This is not supposed to be a tirade supporting or condemning the pro life debate, just the story of one woman who truly believes what she is doing is right.
Vera Drake was nominated for a plethora of awards, winning many of them, unsurprisingly as it ticks all the right boxes to gain the attention of the awarding bodies. The brilliant performances, the heavy and controversial subject matter and the attention to detail are all established steps along the road to awards-ville.
Unfortunately this period of Britain and the characters portrayed have been parodied over recent years by some of the best comedic talents that Britain has to offer. Instead of being immersed within the narrative (as many people were) I was constantly reminded of the similarities between Vera Drake and Julie Waters’s Mrs Overall from Acorn Antiques.
This journey into my own little world was strengthened when Jim Broadbent turned up in a minor role as a judge. This is a walk on part! There is no character for him to develop or get his teeth into and he is too recognisable to believe he is anyone other than Jim Broadbent. I felt like the audience should erupt into the polite applause of cricket spectators as someone calls out “Jim Broadbent ladies and gentlemen, round of applause for Mr Jim Broadbent” His links to Victoria Woods and Julie Waters did nothing to stop my Acorn Antiques delusion, although at least I was able to entertain myself.
I found the film repetitive, with the abortion sequences being repeated several times with diverse clients. It did not need this many different portrayals for the audience to understand what it is Vera Drake does, one or two would have sufficed. The everyday mundane nature of these operations is already emphasised due to Vera Drake handling them in the everyday manor of someone cleaning a toilet bowl.
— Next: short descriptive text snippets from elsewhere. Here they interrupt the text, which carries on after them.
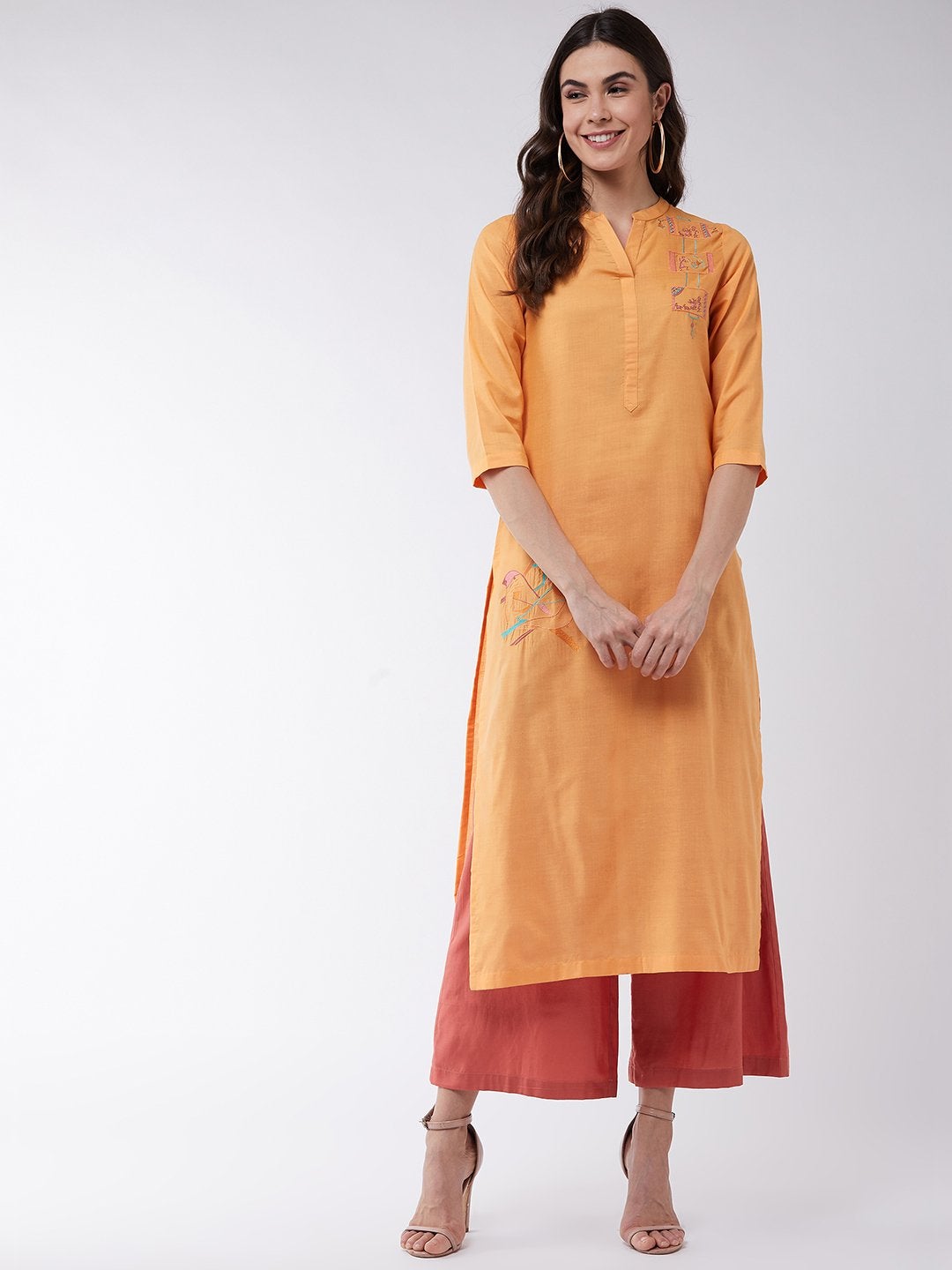 Women's Orange Embroidered Quarter Sleeves Kurta With Pants - Pannkh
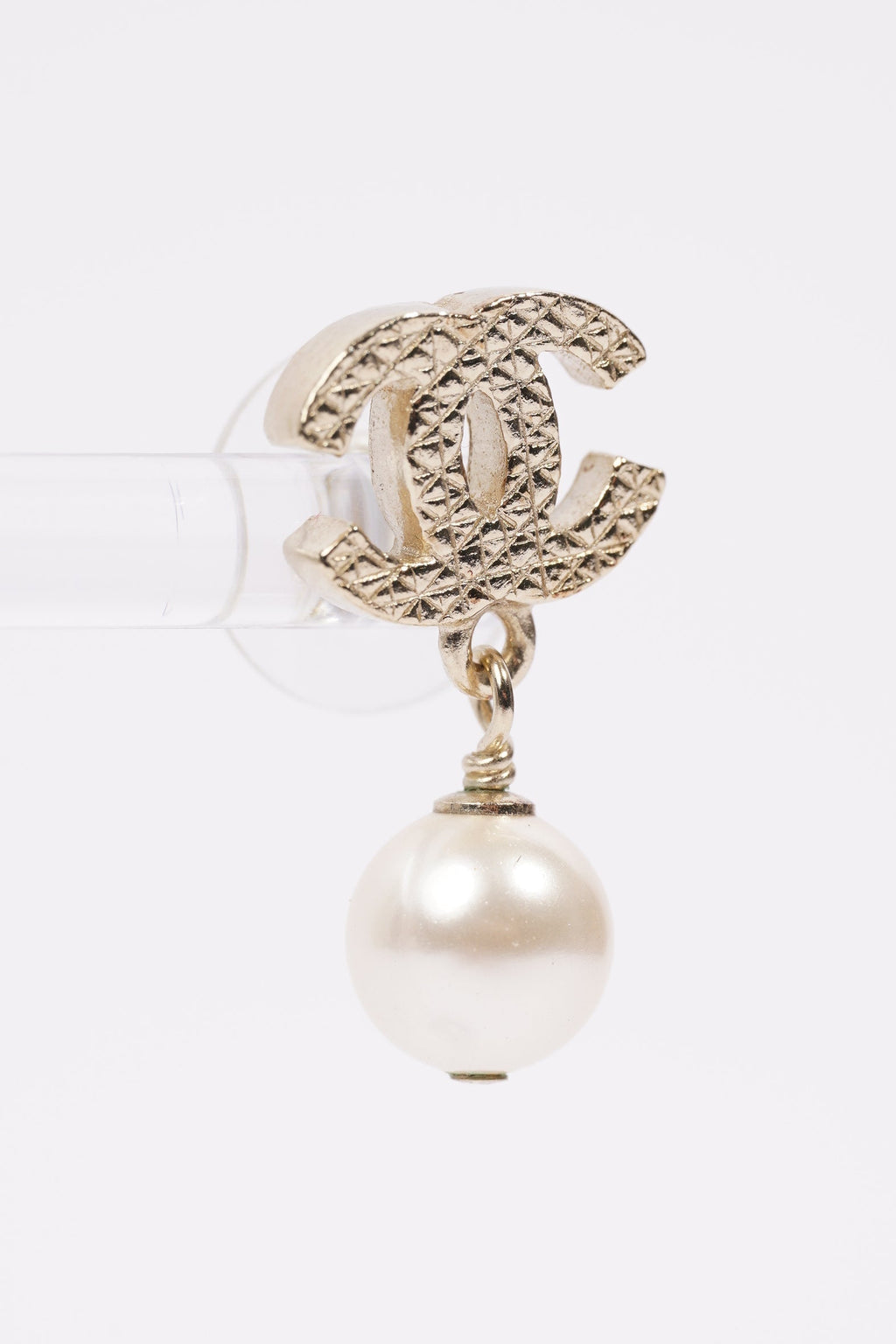 Chanel Womens CC Pearl Drop Earrings Gold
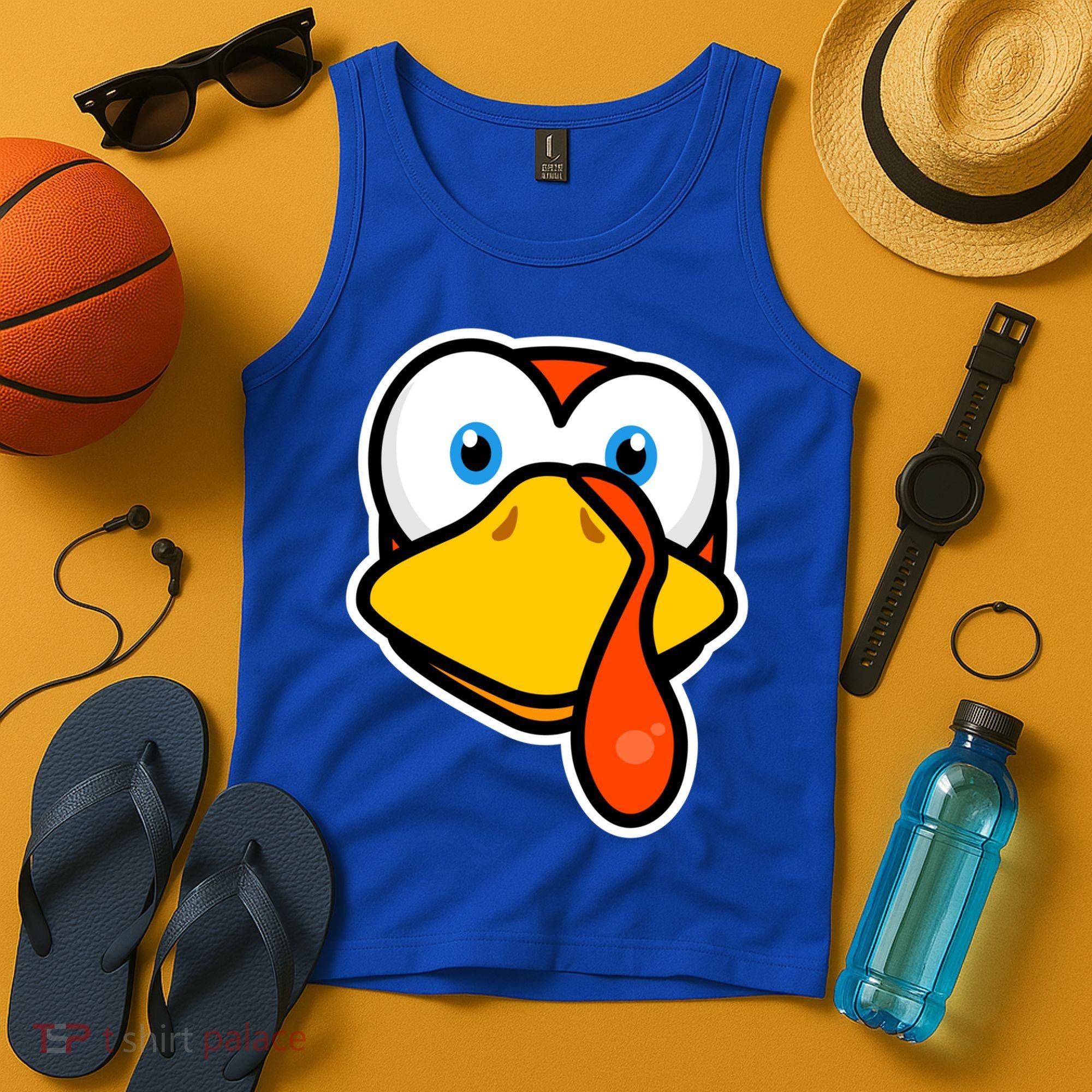 Cute Turkey Face Thanksgiving Costume Gift Tank Top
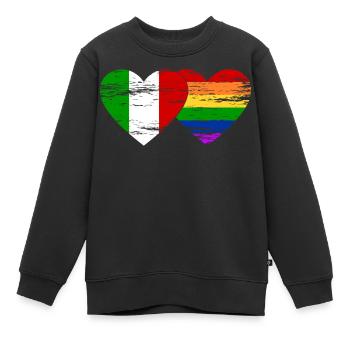 Drapeau arc-en-ciel de l’Italie utilisé - Sweat Premium enfant bio - noir - Devant - AI Model Kid Female (0cm)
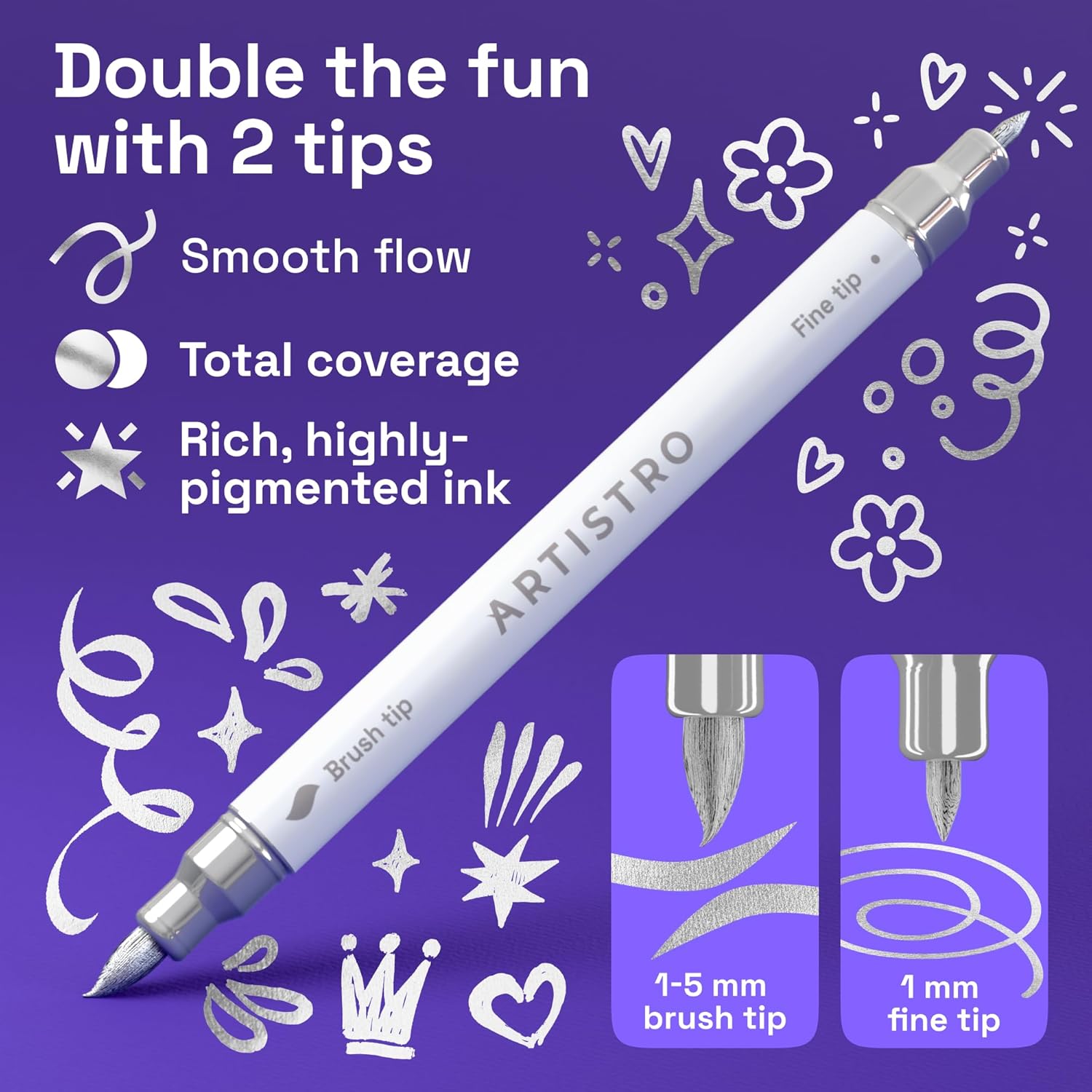 ARTISTRO 5 Silver Acrylic Paint Markers - Paint Pens for Drawing, Brush + Fine Tips - For Fabric, Rock, Glass, Wood, DIY - Art & Craft Supplies for Adults, Teens, Kids - Teacher Appreciation Gift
It is this flogging of the proletarian working class groundhog day-esque life that drains the most, and at over two hours this film is a trial to sit through.
This post war working class world is superbly represented down to the last detail; but at the cost of the narrative. A prime example of this is when Vera unpacks her shopping bag one item at a time so that the audience can marvel at the recreation of 1950’s tins of food.
I personally did not enjoy this film, would not watch it again and have put off even writing this review for as long as I could. Many people have tried to open my eyes and show me the beauty of this film, but I remain in the dark. Vera Drake was just not my Cup of Tea.